Headline inflation seems moving in line with central bank's target level of 3.0 % post sharp decline in inflation in January due to the end of long-distance telephone charges (that has reduced housing inflation substantially and kept core inflation below 2.5%) and lower transport inflation. More recently, food inflation has also moderated (from 6.54% YoY in December to 4.93% YoY in March).
The only major category that has seen modest inflation acceleration over past couple of months is health and personal care. The inflation rate was recorded at 3.14 percent in March of 2015. Inflation is estimated to have moderated slightly in April to 3.06% YoY (-0.26% MoM) while core inflation likely slowed marginally to 2.42% YoY (0.27% MoM).

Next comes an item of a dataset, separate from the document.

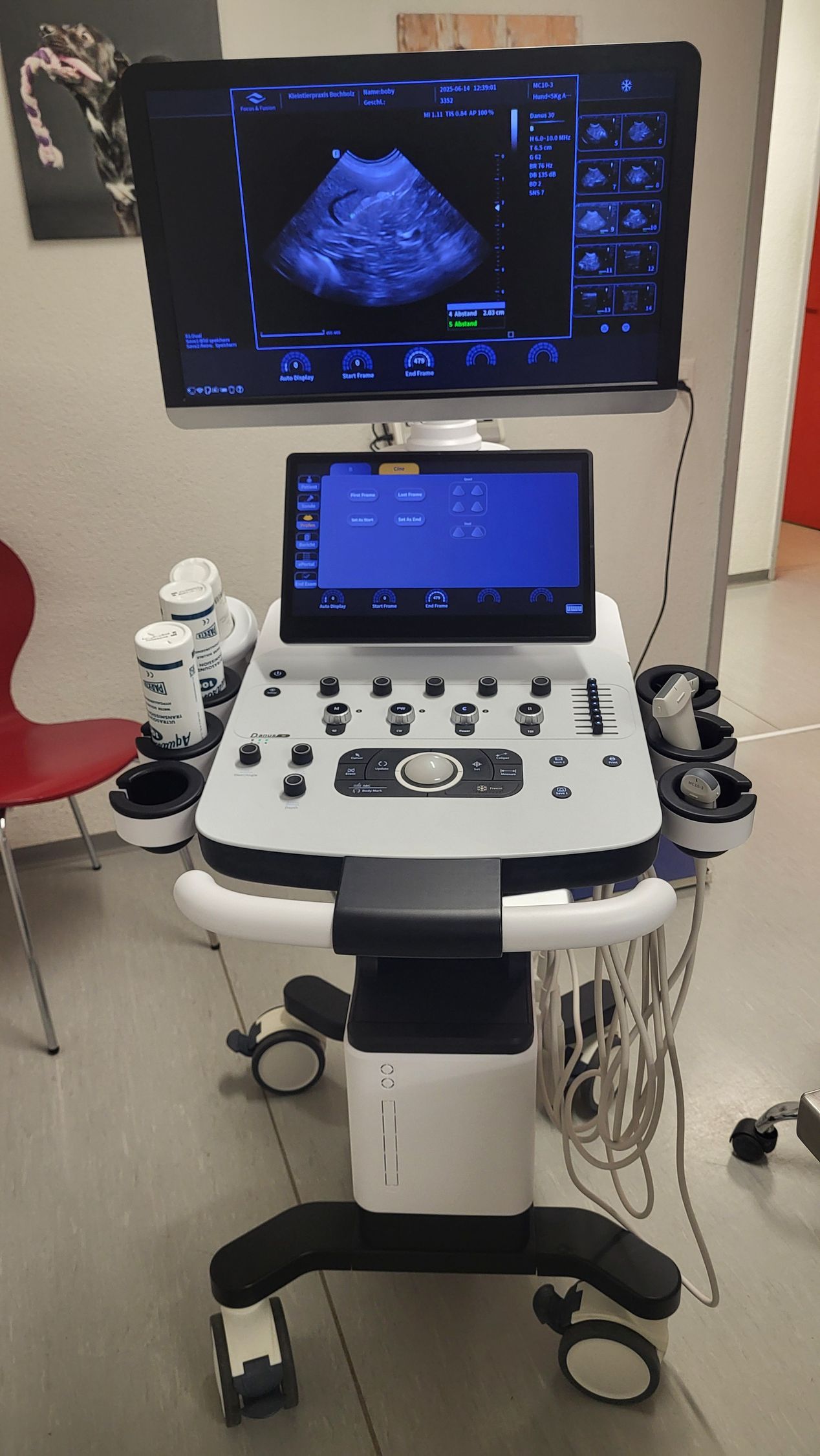 Ultraschallgerät inklusive Doppler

In Mexico, the most important categories in the CPI basket are Nonfood Goods (19.7 percent of the total weight); Housing (18.7 percent) and Other Services (18.4 percent). Food, Beverages and Tobacco account for 14.8 percent and Energy for 9.5 percent. Others include: Products subsidized by the government (5.3 percent); Education (5.1 percent); Meat and Eggs (4.8 percent) and Fruits and Vegetables (3.7 percent).
Looking ahead, we do not see any major factor disturbing this set-up as the prevailing output gap, lower wage growth and low MXN pass-through are likely to keep inflation in check structurally. As a result, growth in aggregate demand will remain the key driver for both inflation expectations and monetary policy in the medium term.
And in addition, Mexican trade surplus shrank to USD 479.8 million in March of 2015 from a USD 948.9 million surplus a year earlier, as imports grew at a faster pace than exports.
Technical and Derivatives insights:
Daily charts of USDMXN steeping up from last couple of bull rallies and it remains intact as no signals of reversal in trend. RSI (14) showing positive convergence with red line cross over on stochastic curve at above 75 levels do not indicate any harm in uptrend and is still on good mood after taking some minor correction rallies. We could only see near support remains at around 15.2309 levels.
Anticipating further upswings in near term trade sessions, we simply advocate At-The- Money calls for hedging purpose. Traders should focus on near month futures for better economical dips to catch upward rallies. Cost of hedging should not exceed option premium plus brokerage and other charges.